Лагерь на 700–800 человек, разделенный на две зоны, рабочую и бытовую, бараки, двухэтажные нары, от 80 до 100 человек в каждом отряде. Определили меня сначала в лесоцех на станочную обработку древесины (в лагере работало мебельное производство). Там мне чуть не оторвало руку станком: вся техника была старая, и рукав моей спецовки затянуло в станок — слава богу, одежда, которую нам выдавали, была настолько ветхой, что мне удалось вырвать кусок ткани. После подвернулась возможность, и я ушел в дневальные, в шныри отрядные, стал мыть пол. К счастью, оказалось, что один из зэков, который работал технологом на лагерной фабрике, уходит на условно-досрочное освобождение и ему нужна замена. А я хорошо знал деревообработку и мебельное производство — в художественном училище проходил все это, и я его заменил. В результате из тех четырех с половиной лет, которые я там просидел, четыре года я провел в маленькой каморке технического отдела, где у меня был письменный стол, кульман, бумага, где я мог даже тайком рисовать. Я сделал серию рисунков к стихам Юлии Вознесенской: она попыталась приехать на наш суд, сбежав из ссылки, была еще раз задержана, после этого ее ссылку заменили двумя годами лагеря под Иркутском. Она сидела там и писала стихи. А я был за Полярным кругом и тайком рисовал иллюстрации к ее стихам. Сборник должен был называться «Книга разлук». Сейчас эти рисунки хранятся в Музее политической истории.

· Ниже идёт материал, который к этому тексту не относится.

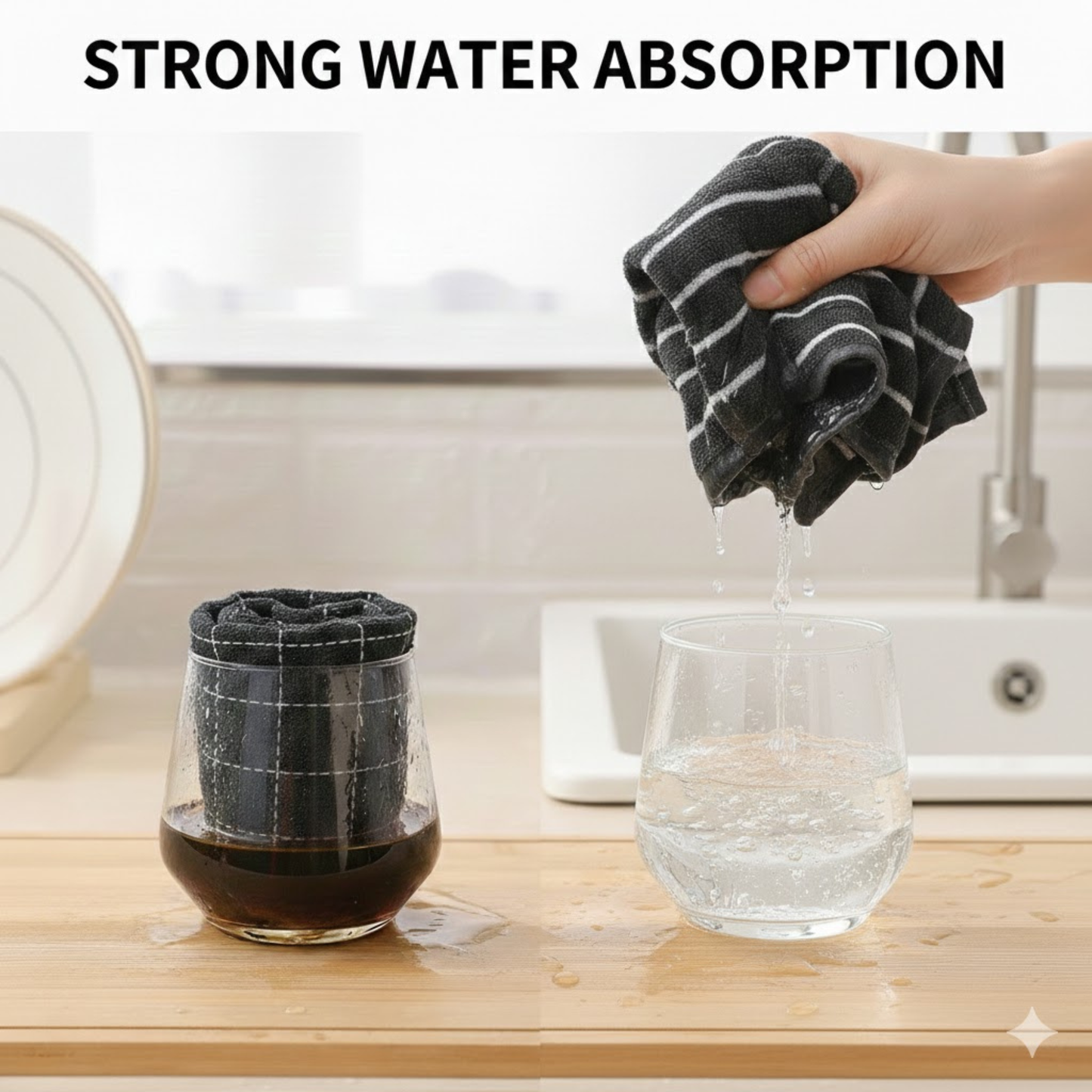 Kitchen Towels Pack of 5 – Ultra-Absorbent Microfibre Cloths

Помню, вскоре после того, как я начал работать технологом, к нам в технический отдел зашел начальник лагеря Масягин и как бы невзначай рассказал историю: «Был тут у нас один кадр, который взял и наколол себе на лбу татуировку “враг КПСС”. Я фельдшера позвал, мы его скрутили, спиртом лоб протерли, а потом скальпелем срезали и кожу содрали». И так значительно на меня посмотрел.

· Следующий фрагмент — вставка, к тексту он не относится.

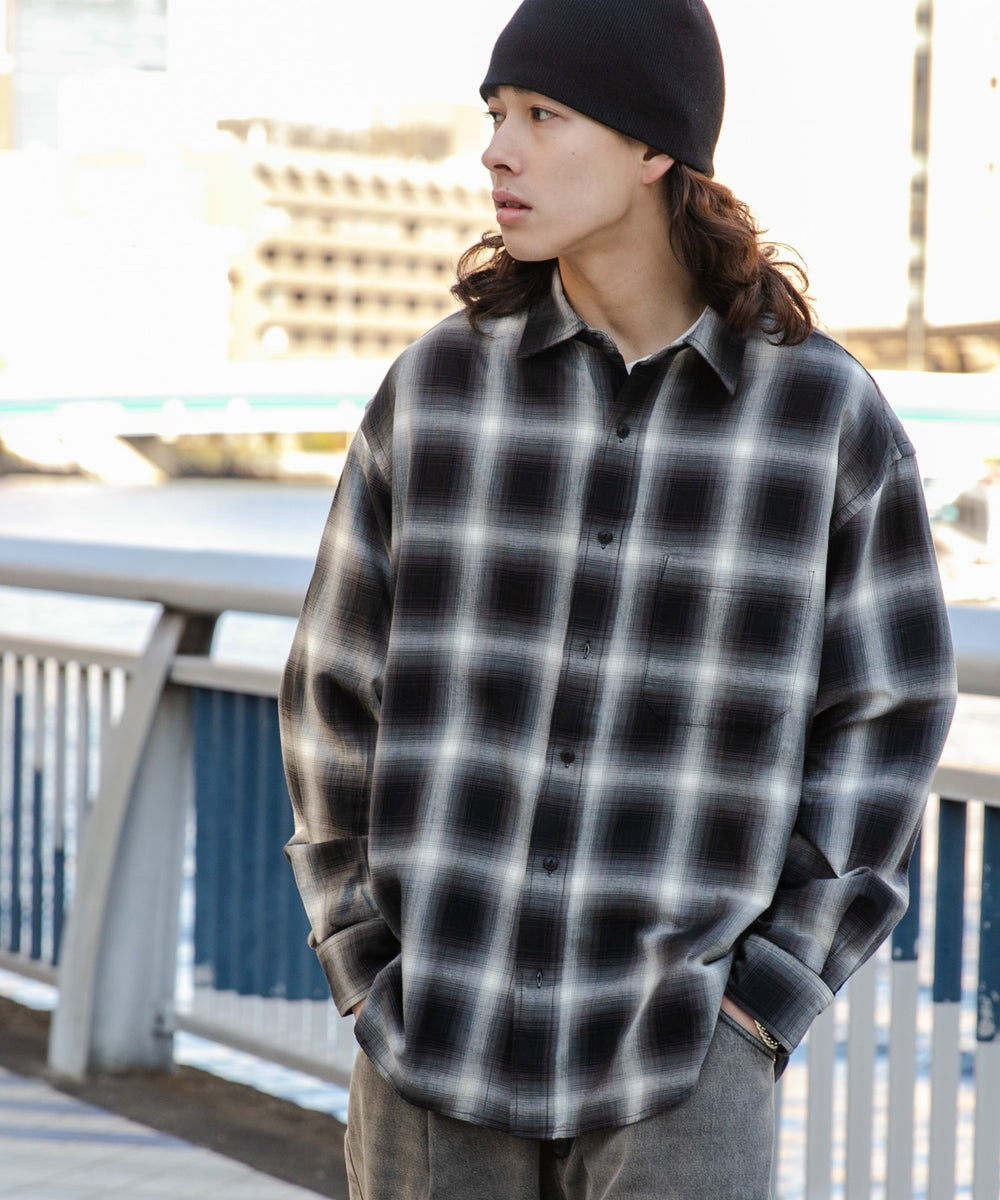 ブラック系チェック モデル：174cm L着用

Спустя четыре года меня перевели в колонию-поселение под Плесецк, на лесоповал. Ну, там я топориком намахался. Я был сучкорубом: дерево валится, надо обрубить сучья и переходить к следующему. С лесоповала я освободился досрочно, вот как это было. Зэки в соседнем вольном поселке построили большой детский комплекс, и начальство, зная, что я художник, вызвало меня в управление: «Вот тебе задача, разрисуешь?» Я говорю: «А мне-то с этого что?» — «Сколько тебе осталось?» — «Полгода осталось». — «Ну вот, как только закончишь, мы тебя досрочно выпустим». А мне это было действительно очень нужно: я знал, что если выйду по сроку, то к этому времени чекисты тоже будут готовы и захотят меня в город не пустить. Поэтому я нашел еще двоих ребят, которые умели рисовать, и мы за четыре месяца превратили этот детский комплекс в палехскую шкатулку: все расписали зайчиками, солнышками, слониками. И я действительно получил освобождение на два месяца раньше.
На самом деле, конечно, я пришел в лагерь с очень смутными представлениями о том народе, о том обществе, в котором живу. Потому что моя среда была достаточно изолированной. И когда я окунулся туда, в эти народные университеты, я увидел совсем другой народ, совсем другое общество. И выходил я из лагеря с мыслью о том, что я, наверное, не стану больше заниматься политической борьбой. Потому что, похоже, этим людям свобода не нужна. А если и нужна, то не эта свобода, а совсем другая. Вот с таким ощущением я выходил. Ну а потом, наверное, натура свое взяла.